# Fish ID please!



## ferrah182 (Jan 31, 2014)

I'm pretty new to cichlids, so having trouble ID-ing these. I got these guys from a friend who bought them from the pet store and then they were not working in her tank (relentlessly picked on). They are currently chilling in my 55 gallon by themselves until I figure out what I'm going to do with them. They all seem active and healthy, one looks a bit beat up.

I tried to get a photo of this guy really colored up, but to no avail. He looks pretty blue in this pic, but he's actually more purpleish than blue if that makes sense. He is about 3.5"

Here is the one that is a bit beat up. Doesn't color up much, gets just a shade or two more blue, but mostly a metallic silver color with the yellow fins. He is about 3"

This one is a really strange color. Sometimes pale like this, other times a yellow or slightly brown color. Mostly stays pale at this point. Very iridescent. About 3" 

I think this one is a jewel spot? I was looking in the cichlid library and I think he matches the picture pretty well. But I'm not sure, I'm certainly no expert. About 4"


----------



## noki (Jun 13, 2003)

Seem like nice Mbuna.
1. Labidochromis "Hongi" seems male

2. Labidochromis "Perlmutt" seems male

3. This fish is very difficult since it shows no color. Never shows any bars?

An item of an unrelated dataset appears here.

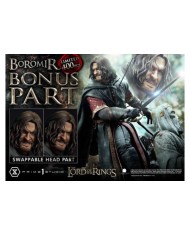 Boromir Bonus Ver. El Señor de los Anillos Estatua 1/4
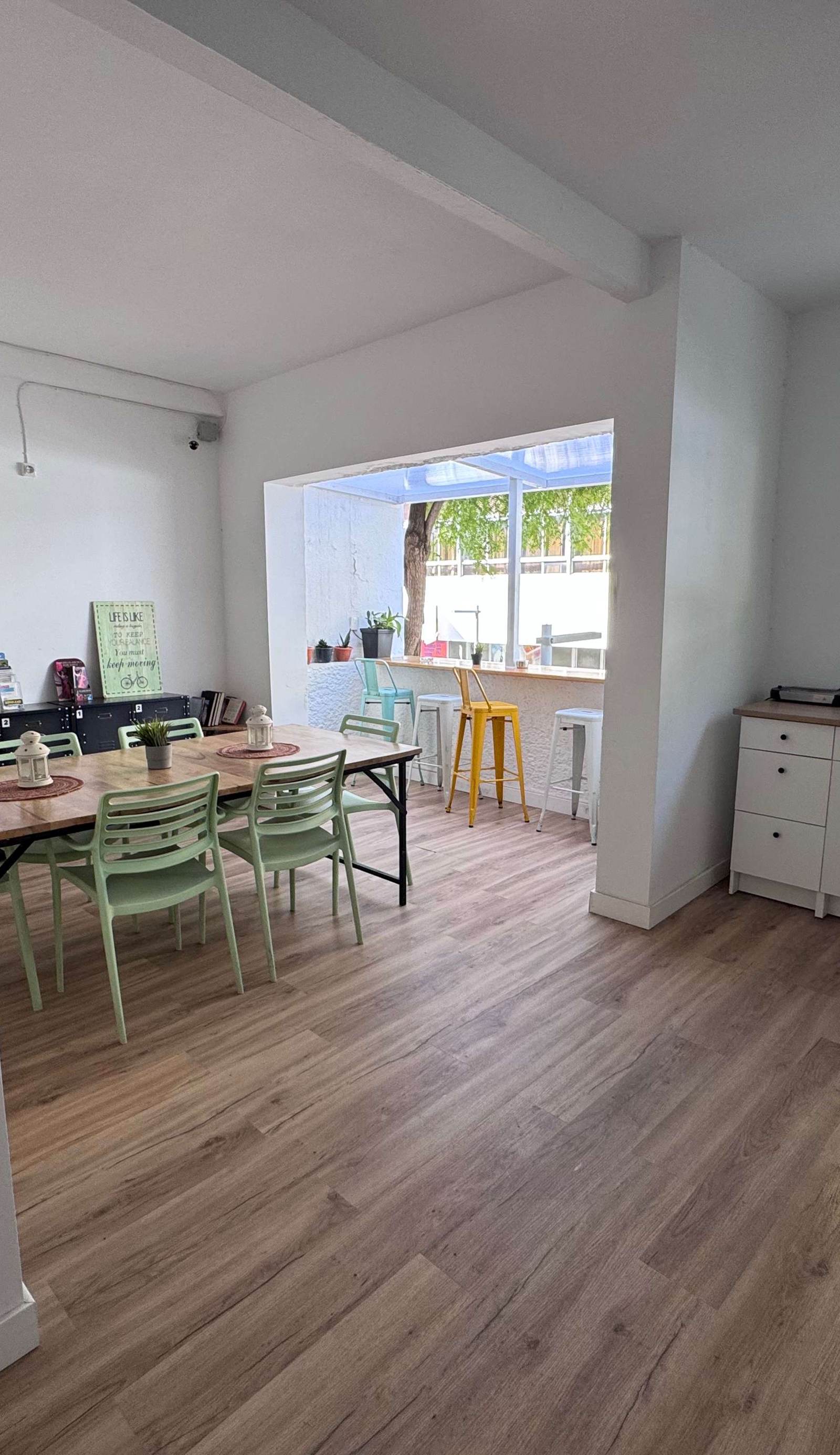 MÜDE Hostel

Elongatus or Cynotilapia. Dozens of similar types.

4. Pseudotropheus (Melanochromis prev.) interruptus, a "Johanni" type. male.


----------



## ferrah182 (Jan 31, 2014)

#3 Yes I did see some bars on him when I fed them tonight. Looks like he has 4 or five on each side.


----------



## ferrah182 (Jan 31, 2014)

Thanks so much for ID-ing the others, its nice to know what I'm dealing with here!
I got a couple more photos of #3. Doesn't like to show color often, but this is as colored as I could get a photo of:


----------



## nmcichlid-aholic (Mar 23, 2011)

This last one looks a lot like a young Cynotilapia sp. "Lion" (Lion's Cove) - http://www.cichlid-forum.com/profiles/species.php?id=698. I used to have one of these guys in my all-male tank, and when he was submissive he looked almost identical. Yours is a little more elongate than mine was, but he might get a little more stocky with age. He was awesome when he was strutting his stuff, though - which he did a lot. He was all show, though, and never started any real fights. Here's a pic of him -


----------



## ferrah182 (Jan 31, 2014)

I think you are right, he's really started showing his colors the last couple of days and looks a lot like your guy. Though I probably will never know what he is 100% for sure without knowing where he came from and who bred him. Now I have to figure out what to do with them, thanks!


----------